No texto, psicólogos falam dos vários “eus” que temos dentro de nós. O eu que quer segurança e odeia grandes mudanças e o eu que sonha, que quer seguir em frente, evoluir, descobrir novos caminhos. Falam também sobre a importância de se achar o equilíbrio entre eles, para ser feliz.
Em breve faço 40 anos e quase a metade deles vivo fora do Brasil. Nesse meio tempo eu e os meus “eus” nos conhecemos muito bem e já nos demos o luxo de tornar realidade alguns sonhos. Um deles era morar no exterior, trabalhar em um banco suiço, ter uma carreira bem sucedida.
Outro sonho realizado, foi o de ser autônoma, designer de jóias. Tanto um como outro exigiram coragem. Foi preciso deixar pra trás em ambas as vezes um terreno seguro, conhecido, para se aventurar por novos mares, deixando ao longo do caminho algumas pessoas queridas sem compreender essa necessidade de mudança.
Depois de quase 10 anos, final de 2011 eu tive que reconhecer, com muito pesar, que eu e as joias já não tínhamos mais muito em comum.
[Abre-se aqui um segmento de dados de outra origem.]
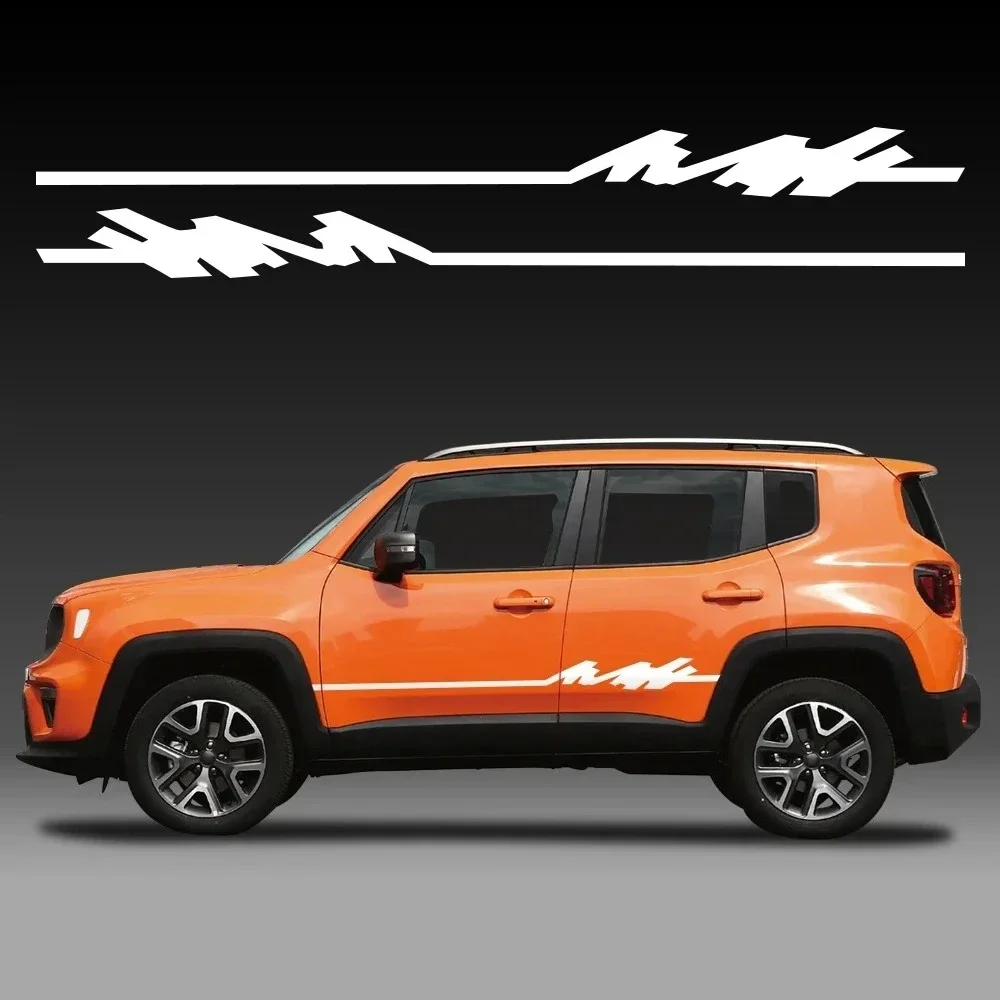 2 PCS Car Side Door Striped Stickers Vinyl Decals For Jeep Renegade Compass Auto Body Styling Decoration Stickers Accessories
A inspiracão e o amor necessários para se fazer um trabalho criativo, foram-se. Provavelmente, como em qualquer outro relacionamento que chega ao final, o fim do nosso também não aconteceu do dia pra noite. Mas aconteceu e às vezes é preciso também ter coragem para dizer adeus.
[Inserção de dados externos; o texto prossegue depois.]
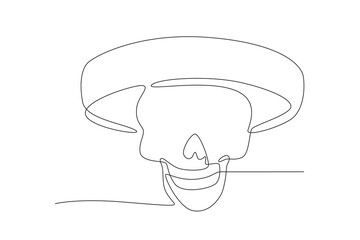 Female skull wearing sombrero hat. Mexican culture concept one-line drawing
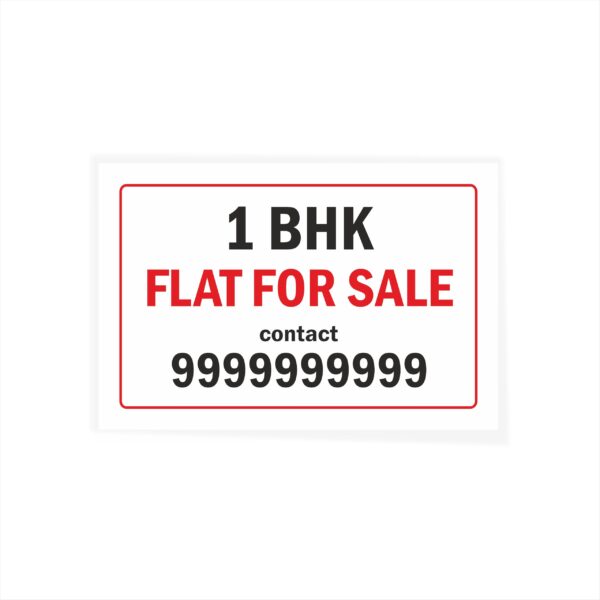 1 BHK Flat for Sale Cloth Banner 3 x 2 feet Waterproof, Long Durable Latex Printed Signage for Flats, Apartments, Home. Pack of 2 Pieces | Mindcraftz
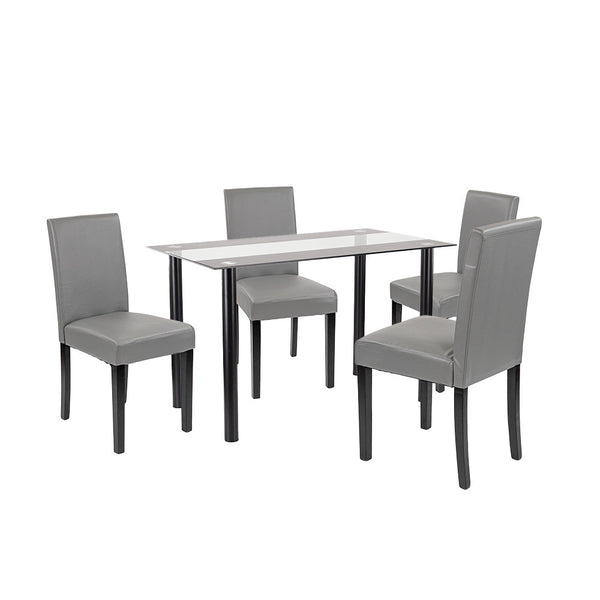 Leziter Set de masă Karin 4+1 negru-gri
Lendo essas histórias de vida na revista stern, eu me identifiquei muito com todas e admiro cada uma dessas pessoas: o executivo da Microsoft, que hoje vive nas montanhas alemãs e tem um hostel para esquiadores e praticantes de trekking; a enfermeira que trabalha com os Médicos sem Fronteiras ou a publicitária que vive hoje na Suécia e oferece passeios com trenós puxados por cachorros. São histórias de trabalho, de sacrifícios, de acertos e de erros, mas principalmente de realização pessoal e de felicidade. São histórias inspiradoras, mas enquanto as leio, sinto-me como se estivesse agora fazendo o caminho inverso.
Meu sonho hoje é o de embarcar no mercado de trabalho alemão. A grande aventura pra mim, não é deixar tudo pra trás e sim encontrar um emprego que me preencha e que se encaixe na minha vida (feliz) aqui na Alemanha. E porque não financiar com esse emrpego um sonho maior, que é o de tornar esta revista mais conhecida e querida mundo afora?
Chego a conclusão de que nem todo sonho precisa ser exótico, inovador ou trazer mudanças radicais para a vida.
Jörg, o bonitão da capa da revista agora já meio amassada, ainda sorri para mim. Ele tem 44 anos, já foi modelo, diretor criativo e hoje tem uma pensão no Brasil. Ele vive o seu sonho. Eu estou em busca do meu. Estou tentando não me intimidar com as infinitas possibilidades que a vida moderna me oferece, sugerindo que eu posso ser o que eu quiser. Será?
Eu retribuo o sorriso e guardo na gaveta. A revista, não o sonho.